On Movement Transformation

[The author is currently part of The Summer of Solutions, but views are personal]Movement Transformation

Over the past few days, we have seen a lot of contention on Its Getting Hot in Here over the critiques posed by the Breakthrough Generation fellows. On the one hand, recent posts call for open and collaborative discourse so we can more carefully evaluate our strategies and tactics, sentiments with which I generally agree. Conversely, responding comments took offense to the frequent posting of Breakthrough fellows, the perceived attack on certain tactics like “Direct Action”, and the privilege of a group whose alleged central organizing strategy is to think, talk and message (check the comments on the above linked posts to review these critiques). I have close friends on both sides of the argument, and I agree with much of the Breakthrough philosophy as much as I feel that many of its recent tactics are not in alignment with their frame. Far from seeking objectivity, I’m simply pointing out that as we start operating under an interest group mentality we lose the ability to appreciate the truth in the other person’s voice, obscuring participants’ internal conflict - as powerfully expressed by a recent Breakthrough Generation post.

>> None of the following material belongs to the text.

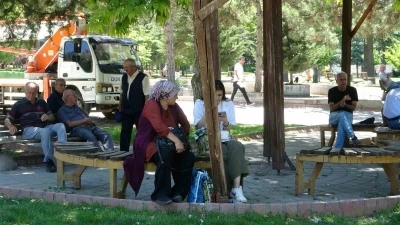 Malatya&rsquo;da sıcak havada parklar doldu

A friend here in Minnesota introduced me to a new term yesterday after we read all of the critical back-and-forth: “flame war” - something that happens on blogs and other internet sites when everybody’s well-reasoned arguments turn into fiery antagonism.

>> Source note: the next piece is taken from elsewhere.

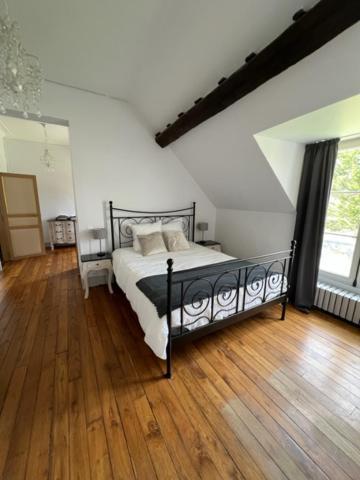 Chateau De Villefargeau Extérieur photo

Friends - and the pun is intended: its time for a break through.

A couple months ago, another close friend in the movement highlighted the need for a “winning strategy” that would allow us to redefine our message, our understanding of power, and our relationships with others, giving us tools to evaluate many different strategies and tactics in different situations to continuously build towards a larger goal. We may have real differences of opinion over our conception of power, our image of victory, and our vision of the path forward, but that only emphasizes the need for trying to figure out a winning strategy. I think Breakthrough has been trying to open that dialogue, but given the flame war over the past few days, I think we can all work on aligning our values and honing our methods to work more constructively with each other. There is something in this dialogue that suggests one of the principles of a winning strategy - a chance for growth and change. There’s some opportunity here!

I’m currently spending the summer working with a bunch of rocking activists in the Twin Cities to try to figure out how we build models for organizing that will help everyday people take charge of the solutions to the climate and energy crisis. Like many of you, the Summer of Solutions is trying to invent ways to approach sustainable community development that build people power and challenge the power of a fossil-fuel-based political, economic, cultural and physical infrastructure in ways that transcend just telling others what we want them to do - whether the way of telling is polite lobbying or creative protest - to actually take charge of creating the solutions that will engage ordinary citizens, politicians, and economic forces alike in the process of visionary and transformative change. I find myself at a very curious juncture in this ongoing IGHIH debate. The heart of many of the strategies we’re employing here in Minnesota is the same frame of opportunity, positive change, and innovation that Breakthrough promotes - though I think we put more stress on innovation as cultural, economic, and political as well as technological.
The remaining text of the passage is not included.